How do I compare two files containing several md5 checksums to determine changed files?

I have two files MD1 and MD2.

MD1 contains md5sums:

5f31caf675f2542a971582442a6625f6  /root/md5filescreator/hash1.txt
4efe4ba4ba9fd45a29a57893906dcd30  /root/md5filescreator/hash2.txt
1364cdba38ec62d7b711319ff60dea01  /root/md5filescreator/hash3.txt

where hash1, hash2 and hash3 are three files present in folder md5filescreator.

Similarly MD2 contains:

163559001ec29c4bbbbe96344373760a  /root/md5filescreators/hash1.txt
4efe4ba4ba9fd45a29a57893906dcd30  /root/md5filescreators/hash2.txt
1364cdba38ec62d7b711319ff60dea01  /root/md5filescreators/hash3.txt

where these files are in folder md5filescreators.

I want to compare the checksums in md5filescreator with the corresponding file's checksum in md5filecreators.

The shell script should return OK for files with same checksums and FALSE for those which are not, along with the file names.

Can this be done using md5sum --check (since it normally checks for any changes in only 1 MD5 file)?


I want to know if this can be done using md5sum --check? (since it normally checks for any changes in only 1 MD5 file).

No, it can't.

md5sum --check is meant to read the path to each file in the second column of the input files and check their MD5 checksum agains the checksum reported on the first column; if you want to directly compare the checksums in the two files, you'll have to compare the text files.
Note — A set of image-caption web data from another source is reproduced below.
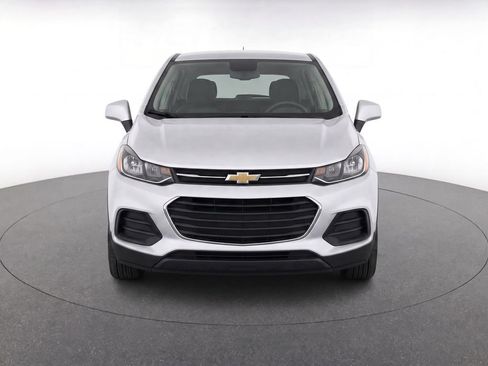 Used 2022 Chevrolet Trax LS w/ Tint and Cruise Package AWD/4WD image 7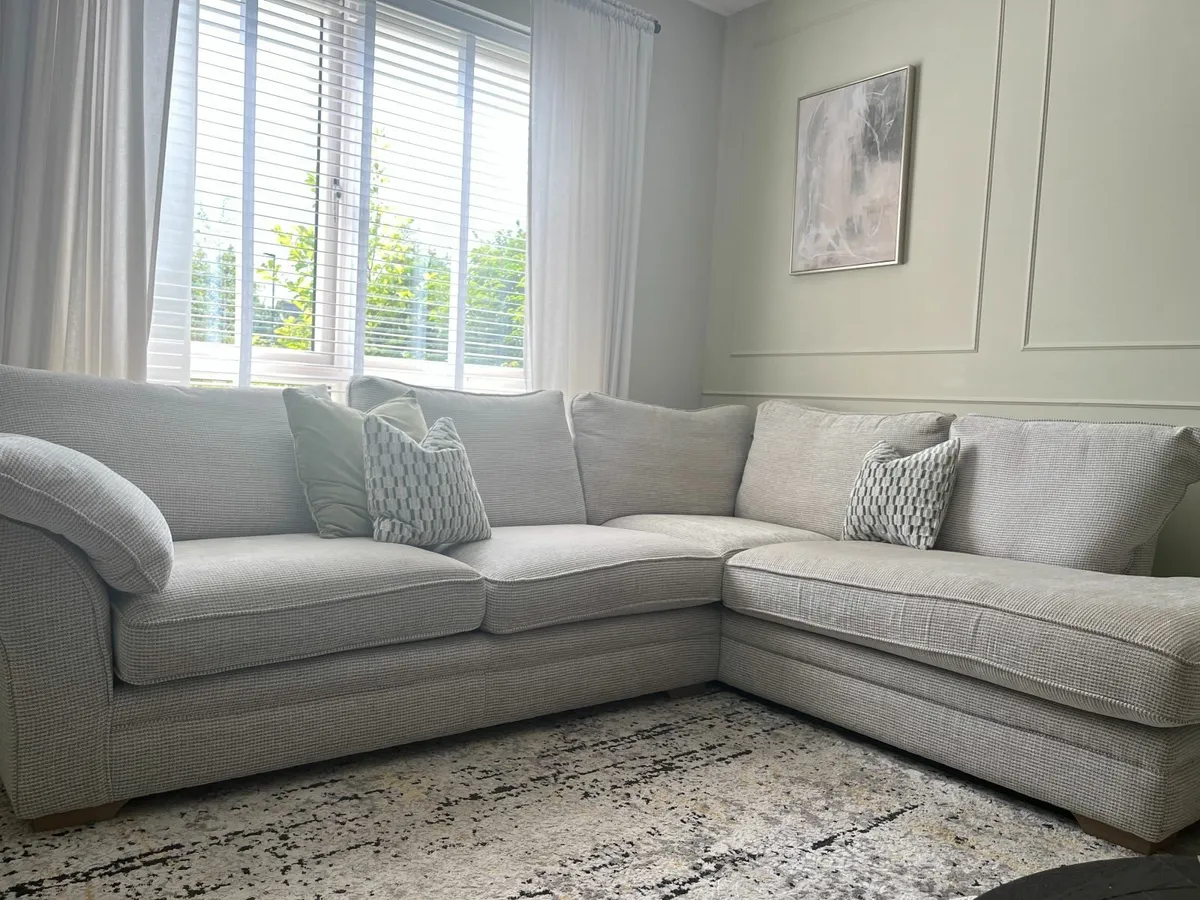 Ezliving - Corner Sofa  -Beige Fabric Accent - Image 3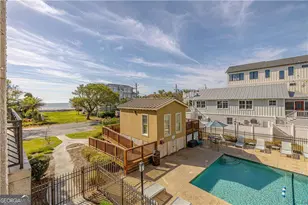 1015 Beachview Dr, Saint Simons, GA 31522 - Photo 15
Using paste + AWK you could do:

paste file1 file2 | awk '{x = $1 == $3 ? "OK" : "FALSE"; print $2" "x}'
  • paste file1 file2: joins line N of file1 on line N of file2;
  • awk '{x = $1 == $3 ? "OK" : "FALSE"; print $2" "x}': if the first field is equal to the third field (i.e. the MD5 sums match), assigns "OK" to x, otherwise assigns "FALSE" to x and prints the second field (i.e. the filename) followed by the value of x.
% cat file1
5f31caf675f2542a971582442a6625f6 /root/md5filescreator/hash1.txt
4efe4ba4ba9fd45a29a57893906dcd30 /root/md5filescreator/hash2.txt
1364cdba38ec62d7b711319ff60dea01 /root/md5filescreator/hash3.txt
% cat file2
163559001ec29c4bbbbe96344373760a /root/md5filescreators/hash1.txt
4efe4ba4ba9fd45a29a57893906dcd30 /root/md5filescreators/hash2.txt
1364cdba38ec62d7b711319ff60dea01 /root/md5filescreators/hash3.txt
% paste file1 file2 | awk '{x = $1 == $3 ? "OK" : "FALSE"; print $2" "x}'
/root/md5filescreator/hash1.txt FALSE
/root/md5filescreator/hash2.txt OK
/root/md5filescreator/hash3.txt OK

A simple way of checking this would be to see which lines are not duplicated across both files:

sort file1 file2 | uniq --unique

uniq --unique prints those lines which haven't appeared again. Accordingly, those files whose hashes match will have duplicated lines, and won't appear in the output. To simply test if any output is produced, use grep:

sort file1 file2 | uniq --unique | grep -q .

In this case, since the directories are different, a bit more processing is needed:

awk -F/ '{print $1, $NF}' | sort | uniq --unique | awk '!a[$2]++{print $2}'

Or, entirely in awk:

awk -F/ 'FNR == NR {hash[$NF] = $1; next} hash[$NF] != $1 {print $NF}'

In both cases, you get just the filenames whose hashes differ.